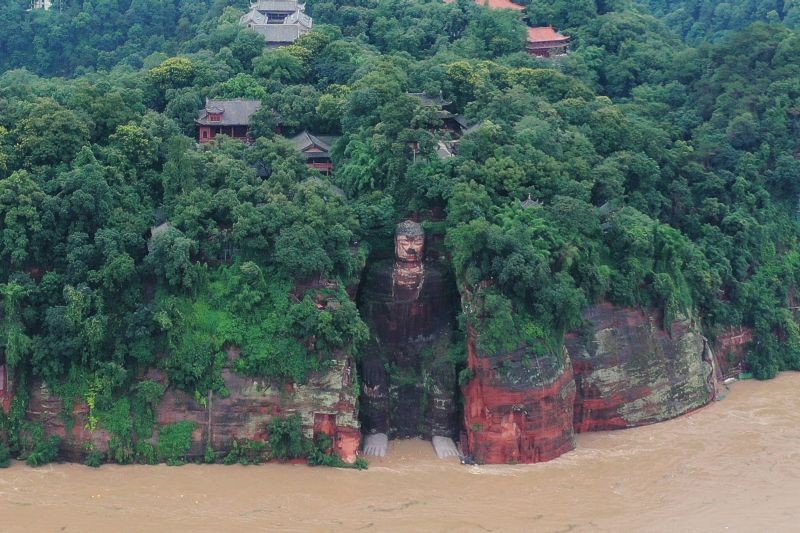 Floodwater reaches the Leshan Giant Buddha's feet following heavy rainfall, in Leshan, Sichuan province, China on August 18, 2020. (REUTERS Photo)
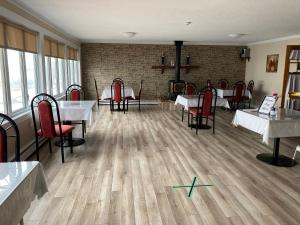 a dining room with tables and red chairs at Haven Inn in St. Anthony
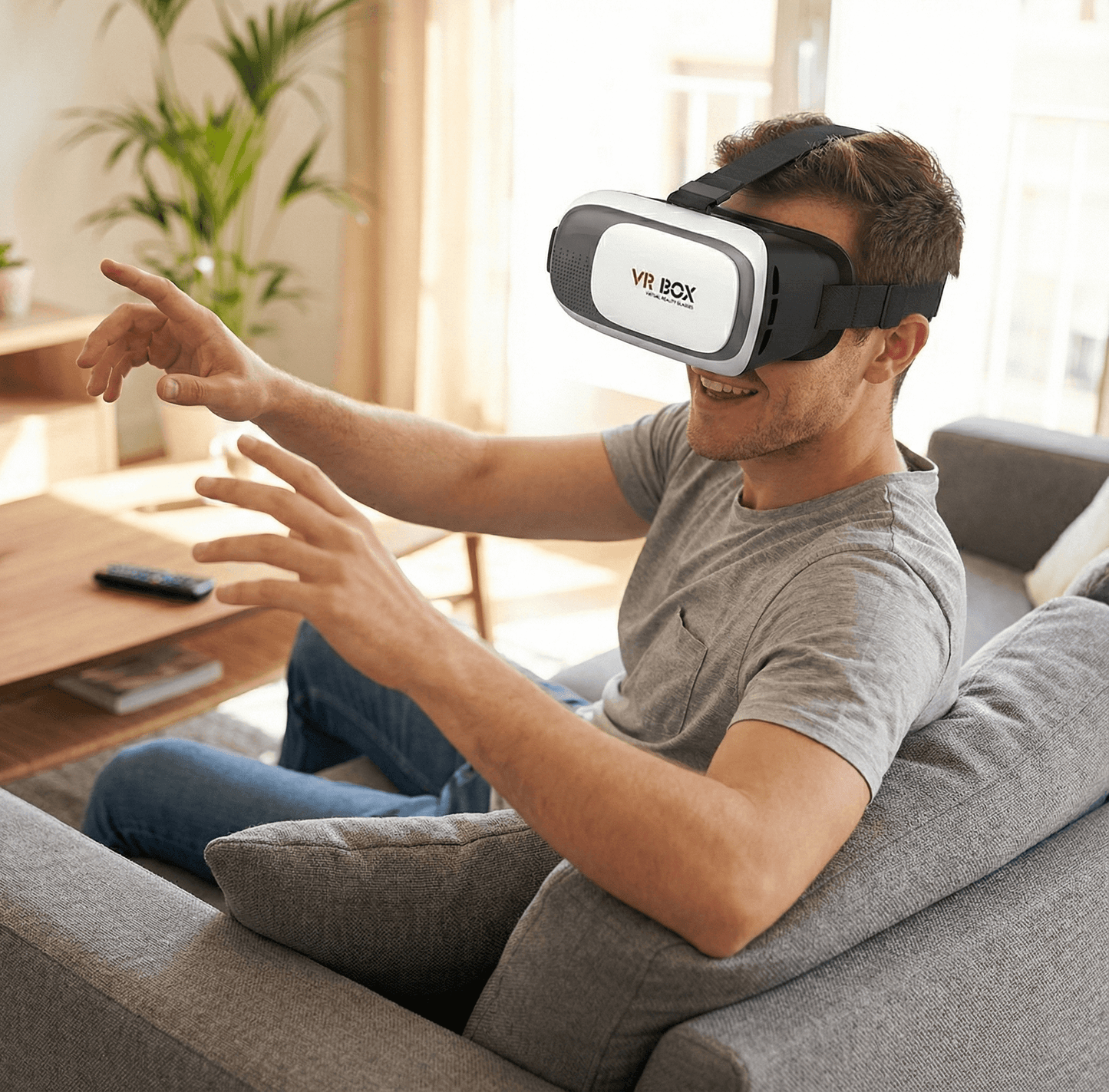A person enjoying a virtual experience with 3D VR Box Virtual Reality Glasses in a cozy living room.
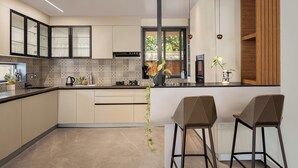 Cocina moderna con una isla central, taburetes de bar y una planta colgante.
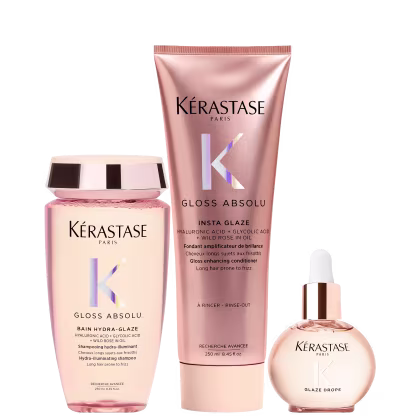 Três produtos da marca Kérastase: um frasco rosa de shampoo Gloss Absolu, um tubo rosa de condicionador Insta Glaze e um frasco de vidro com conta-gotas Glaze Drops, todos com design e rótulos da marca.
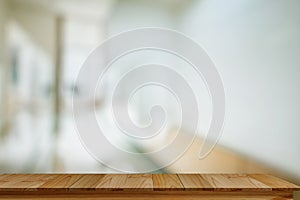 Empty Wood table with blurred office background.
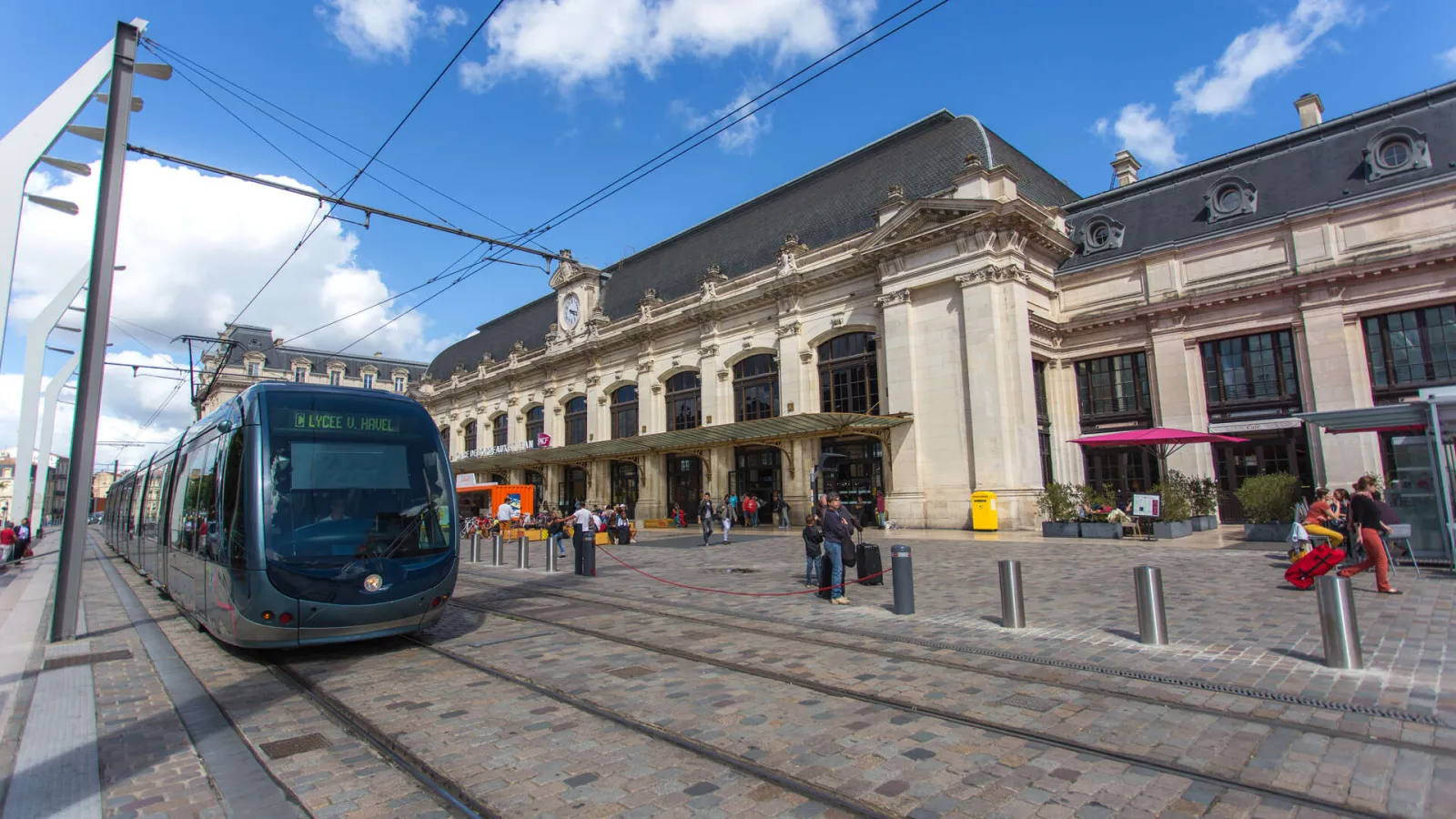 A modern blue tram approaches Bordeaux's Saint-Jean station, with the grand historic cream-colored building featuring ornate architecture and slate roof in the background under a clear blue sky.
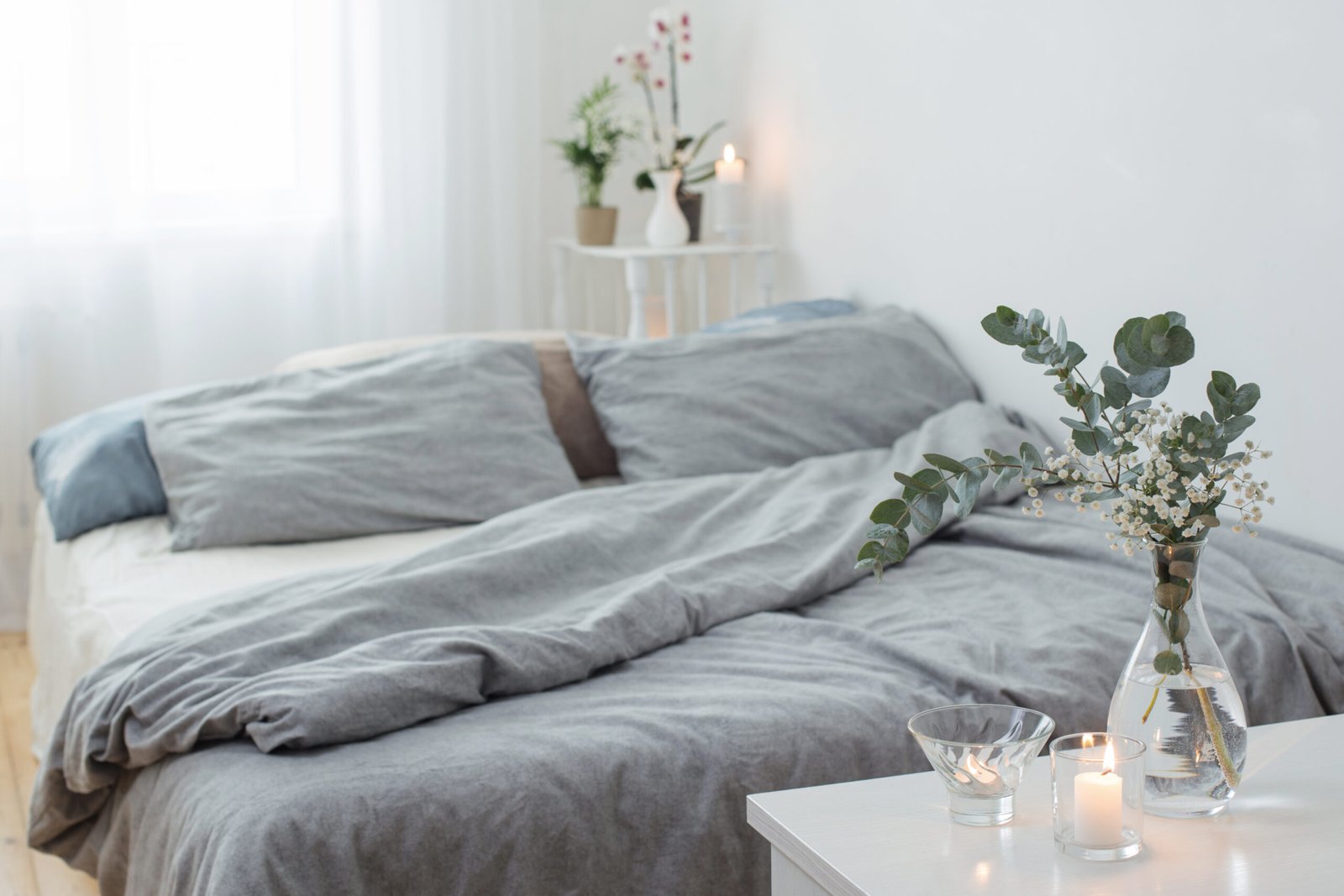 Burning candles and eucalyptus in glass vase in white bedroom, gray bed sheets.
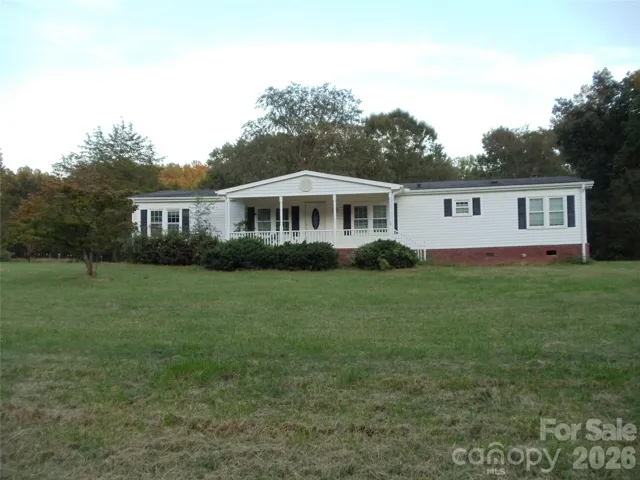 3.51 Acres with a Shop, Double Carport, and multiple stables barn!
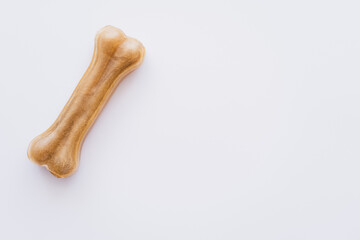 top view of bone shaped pet treat isolated on white.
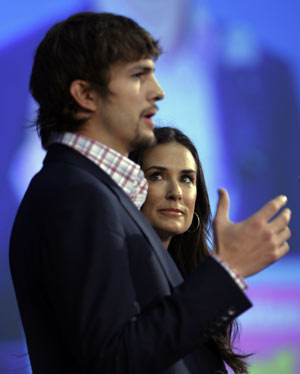 Actors Ashton Kutcher (L) and Demi Moore introduce their Presidential Pledge video at ServiceNation's New Era of Service breakfast, part of the Martin Luther King Jr. Day of Service, in Washington January 19, 2009 leading up to the inauguration of U.S. President-elect Barack Obama.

# # # #

* [WHAT THIS TASK INVOLVES]: From the line containing "Empty Wood table" down to the last line of the entries above, copy each line exactly and nothing more. Leave pictures out.

* [WRITTEN SOLUTION]:
 Empty Wood table with blurred office background.
 A modern blue tram approaches Bordeaux's Saint-Jean station, with the grand historic cream-colored building featuring ornate architecture and slate roof in the background under a clear blue sky.
 Burning candles and eucalyptus in glass vase in white bedroom, gray bed sheets.
 3.51 Acres with a Shop, Double Carport, and multiple stables barn!
 top view of bone shaped pet treat isolated on white.
 Actors Ashton Kutcher (L) and Demi Moore introduce their Presidential Pledge video at ServiceNation's New Era of Service breakfast, part of the Martin Luther King Jr. Day of Service, in Washington January 19, 2009 leading up to the inauguration of U.S. President-elect Barack Obama.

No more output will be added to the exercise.